## Instructions to follow
Word for word, transcribe the lines from the one containing "grafischer Sicherheitscode" through the end of the entries, both included, and nothing else.

───── Material for this task ─────

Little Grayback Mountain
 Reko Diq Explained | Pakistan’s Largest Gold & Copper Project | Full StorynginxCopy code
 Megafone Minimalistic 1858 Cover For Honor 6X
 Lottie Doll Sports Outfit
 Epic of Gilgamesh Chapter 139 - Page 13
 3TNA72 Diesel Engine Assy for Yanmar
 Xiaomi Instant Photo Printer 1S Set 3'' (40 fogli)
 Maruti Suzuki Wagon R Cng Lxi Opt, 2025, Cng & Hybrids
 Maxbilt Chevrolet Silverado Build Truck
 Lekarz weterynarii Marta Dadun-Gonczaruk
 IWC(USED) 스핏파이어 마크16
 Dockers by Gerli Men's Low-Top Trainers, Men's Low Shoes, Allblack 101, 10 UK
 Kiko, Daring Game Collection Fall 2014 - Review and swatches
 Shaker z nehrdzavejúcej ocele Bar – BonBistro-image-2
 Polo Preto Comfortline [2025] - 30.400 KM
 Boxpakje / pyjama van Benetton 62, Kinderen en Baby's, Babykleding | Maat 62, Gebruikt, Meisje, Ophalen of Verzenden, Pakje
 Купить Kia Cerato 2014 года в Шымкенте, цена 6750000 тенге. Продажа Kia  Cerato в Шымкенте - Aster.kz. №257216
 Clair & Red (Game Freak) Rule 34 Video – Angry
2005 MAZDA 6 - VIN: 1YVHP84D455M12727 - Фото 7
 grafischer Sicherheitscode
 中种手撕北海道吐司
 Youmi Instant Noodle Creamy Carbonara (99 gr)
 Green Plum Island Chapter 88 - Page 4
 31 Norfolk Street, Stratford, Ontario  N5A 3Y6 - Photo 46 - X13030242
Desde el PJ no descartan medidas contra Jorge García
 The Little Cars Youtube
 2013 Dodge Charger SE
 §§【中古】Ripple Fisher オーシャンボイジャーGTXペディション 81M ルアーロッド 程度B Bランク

─────

## Exercise solution
 grafischer Sicherheitscode
 中种手撕北海道吐司
 Youmi Instant Noodle Creamy Carbonara (99 gr)
 Green Plum Island Chapter 88 - Page 4
 31 Norfolk Street, Stratford, Ontario  N5A 3Y6 - Photo 46 - X13030242
Desde el PJ no descartan medidas contra Jorge García
 The Little Cars Youtube
 2013 Dodge Charger SE
 §§【中古】Ripple Fisher オーシャンボイジャーGTXペディション 81M ルアーロッド 程度B Bランク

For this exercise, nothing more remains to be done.